JAKARTA, KOMPAS - Pembangunan dan perawatan operasional pemancar di daerah tertinggal, terdepan, dan terluar tidak cukup mengandalkan dana pelayanan universal.
Direktur Utama Badan Aksesibilitas Telekomunikasi dan Informatika (Bakti) Anang Latief di sela-sela diskusi publik Indonesia Merdeka Sinyal 100 Persen dan Menyongsong Industrialisasi 4.0, Kamis (27/12/2018) sore, di kawasan SCBD Sudirman, Jakarta, menyebut satu menara pemancar berteknologi 2G membutuhkan biaya operasional setahun minimal Rp 80 juta. Nilai ini sudah termasuk ongkos listrik dan transmisi satelit.
Saat ini, Bakti mempunyai sekitar 1.000 menara pemancar berteknologi 2G yang tersebar di seluruh daerah tertinggal, terdepan, dan terluar (3T). Maka, total biaya operasional yang dibutuhkan mencapai Rp 80 miliar.
"Pengeluaran tersebut di luar biaya mengirim perangkat kebutuhan menara pemancar, ekspedisi, risiko kerusakan teknis, dan pembangunan kembali yang jika kami hitung bisa ratusan juta sampai satu miliar rupiah. Itu baru satu lokasi menara yang sudah berdiri. Dalam setahun, kami bisa mengeluarkan Rp 1 triliun," ujar Anang.
BAKTI bertugas mengumpulkan dana pelayanan universal (universal service obligation/USO) yang diperoleh dari iuran para operator telekomunikasi. Iuran diambil dari 1,25 persen dari pendapatan kotor setiap operator.
Menurut Anang, rata-rata total pendapatan kotor seluruh operator telekomunikasi mencapai Rp 200 triliun per tahun. Jika dipotong 1,25 persen, jumlah dana USO yang terkumpul setiap tahun rata-rata Rp 2,5 triliun.
Sementara selain perawatan operasional menara pemancar yang sudah berdiri, Bakti juga harus menggunakan dana USO terkumpul untuk pembangunan menara baru. Sebagai contoh, sampai akhir tahun 2019, Bakti ditarget oleh Kementerian Komunikasi dan Informatika membangun sampai 5.000 menara pemancar baru.
"Kalau hanya mengandalkan penerimaan dana USO saja, saya kira tidak akan cukup untuk membangun sebanyak itu, meskipun teknologi yang dipakai hanya 2G," kata Anang.
Dia mengklaim, segala bentuk efisiensi telah dilakukan.

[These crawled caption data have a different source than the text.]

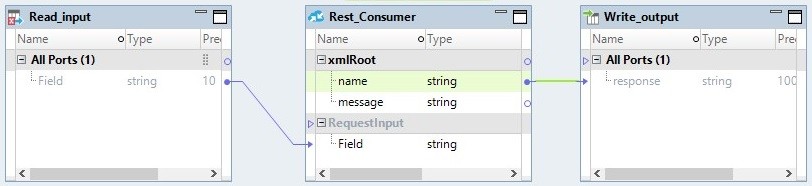 This image shows a sample mapping in the Developer tool. The mapping contains a Read transformation, a REST Web Service Consumer transformation, and a Write transformation. The ports in the Read transformation are linked as input ports in the downstream REST Web Service Consumer transformation. To parse the response that the transformation receives, the name output port in the REST Web Service Consumer transformation is linked to the downstream Write transformation. 
					 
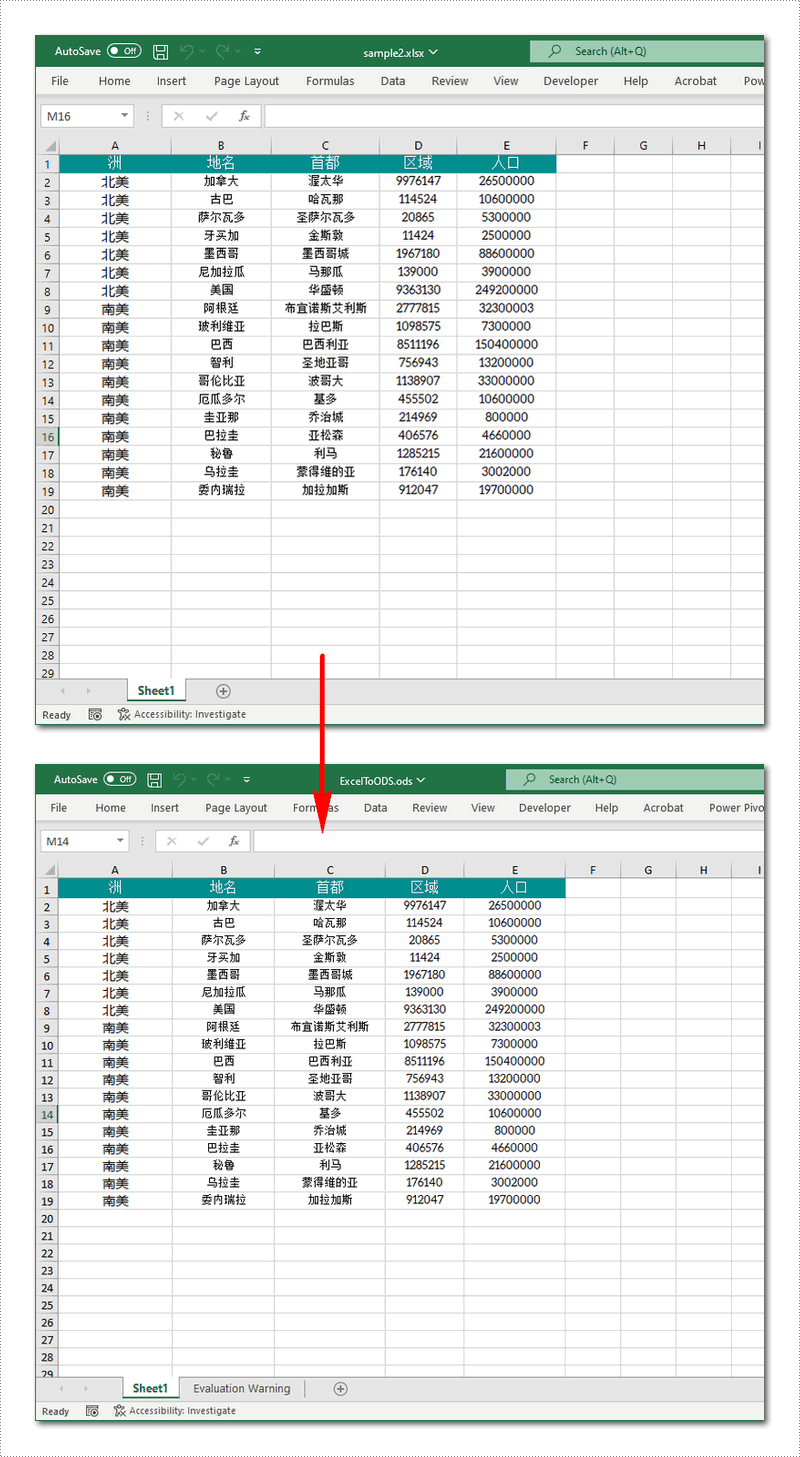 java 将 excel 转换为 ods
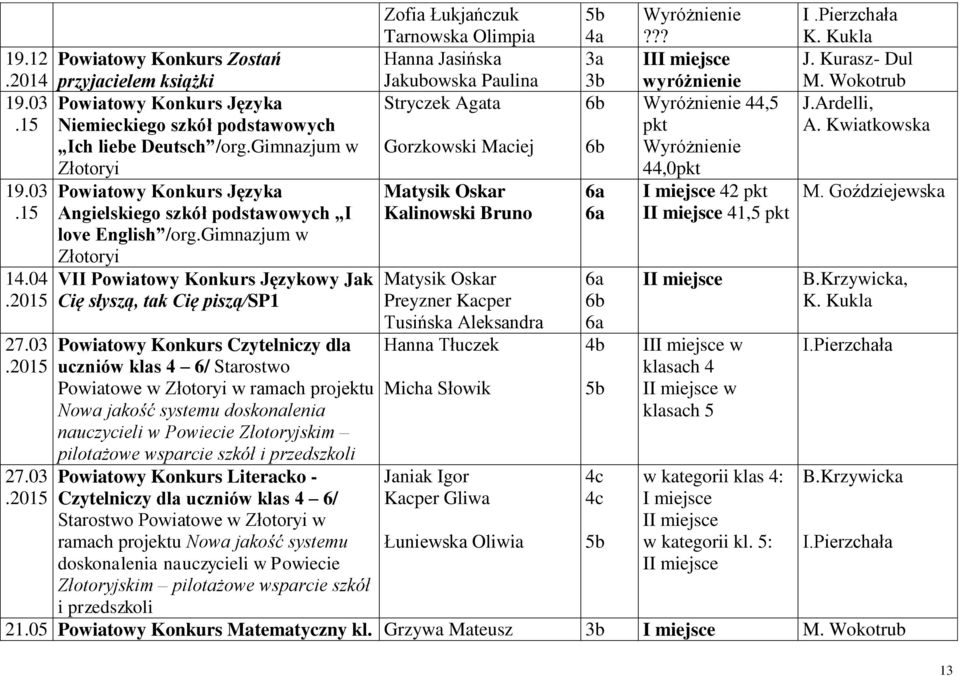 gimnazjum w Złotoryi VII Powiatowy Konkurs Językowy Jak Cię słyszą, tak Cię piszą/sp1 Powiatowy Konkurs Czytelniczy dla uczniów klas 4 6/ Starostwo Powiatowe w Złotoryi w ramach projektu Nowa jakość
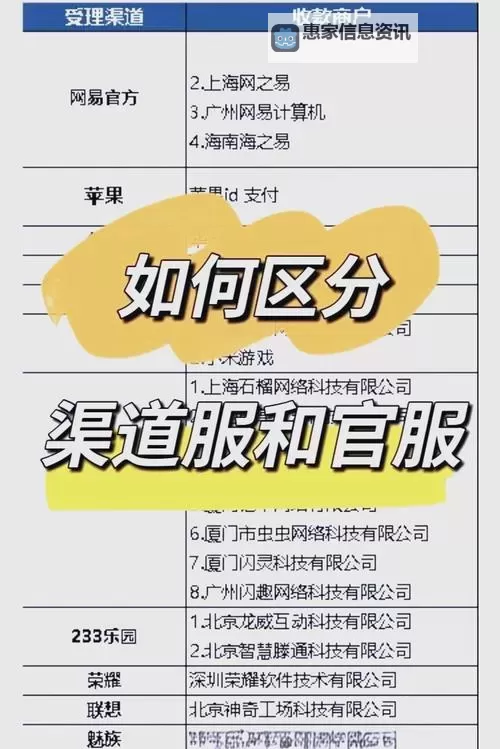 苹果手机怎么玩问道渠道服的详细攻略指南图1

Misalnya, seluruh proses pengadaan peralatan yang dibutuhkan pendirian menara pemancar dilakukan melalui katalog elektronik (e-katalog) yang disediakan oleh Lembaga Kebijakan Pengadaan Barang Jasa Pemerintah. Dia juga mengklaim bahwa Bakti telah mengeluarkan beberapa skema pembangunan untuk mengatasi kekurangan biaya.
"Kami tentu tidak mau membebani operator telekomunikasi dengan menaikkan besaran persentase iuran. Apalagi, saat ini industri telekomunikasi di Indonesia sedang kurang bagus pertumbuhannya," tutur dia.
Pada saat bersamaan, Kasubdit Penomoran Telekomunikasi dan Informatika Kementerian Komunikasi dan Informatika, Iskandar, mengatakan, setiap operator telekomunikasi yang mendapat lisensi dari pemerintah wajib membangun infrastruktur sesuai kesanggupan yang disampaikan saat pengajuan izin. Hanya saja, operator biasanya memilih membangun pemancar di daerah-daerah yang punya potensi komersial tinggi.